Just as the idea that there might be hotspots of OMG particles seemed left for dead, a fresh hotspot in the Northern Hemisphere was detected by a smaller, Japanese-led experiment in Utah called the Telescope Array. At this stage, the concentration is more phantom than fully-fledged zombie because its statistical significance is low17. And the experiment sees only two or three events each year, so it could take some time to find a resolution. To speed things up, the collaboration plans to nearly quadruple the size of the array to fill about 2,500 square kilometres, a project expected to take three years.
What exactly is the strength of gravity? Surprisingly, physicists still can’t agree on the value of the ‘big G’ constant that features both in Isaac Newton’s law of gravitation — which dates back to the year 1687 — and in Albert Einstein’s general theory of relativity. Different experimental techniques have found contradictory values for it. And the entrance of experiments based on quantum physics that exploit the wave-like aspects of matter have only made the discrepancy worse.

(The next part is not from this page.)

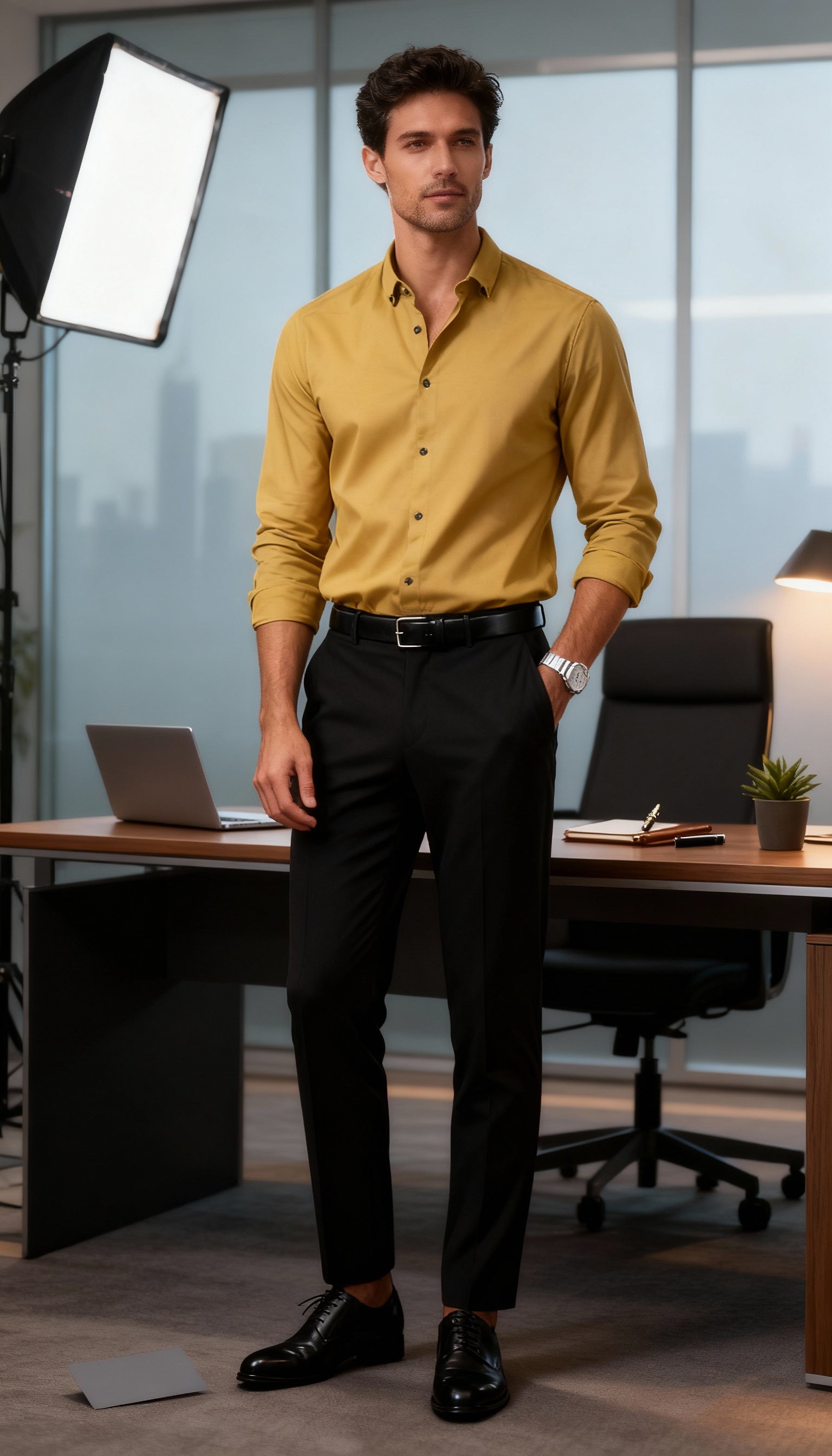 Solid Plain Club Wear Men's Shirt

An initiative to get labs from around the world to join forces to find a solution is under way. But fresh ideas are needed, says John Gillaspy, who heads the Atomic, Molecular, and Optical Experimental Physics Program at the US National Science Foundation (NSF). The NSF will sponsor a brainstorming session next year at which researchers from different branches of physics will spend a week trying to come up with a strategy to solve the discrepancy. “Or, people could end up saying that they don’t know how to solve this problem. That’s a possible outcome we don’t want,” Gillaspy says.
It is also possible that the discrepancy points not to a measurement problem but to something completely new. Some physicists have suggested that different techniques give different results because the physics of gravity itself needs to be revised. If so, this zombie could be a beautiful new life form in disguise.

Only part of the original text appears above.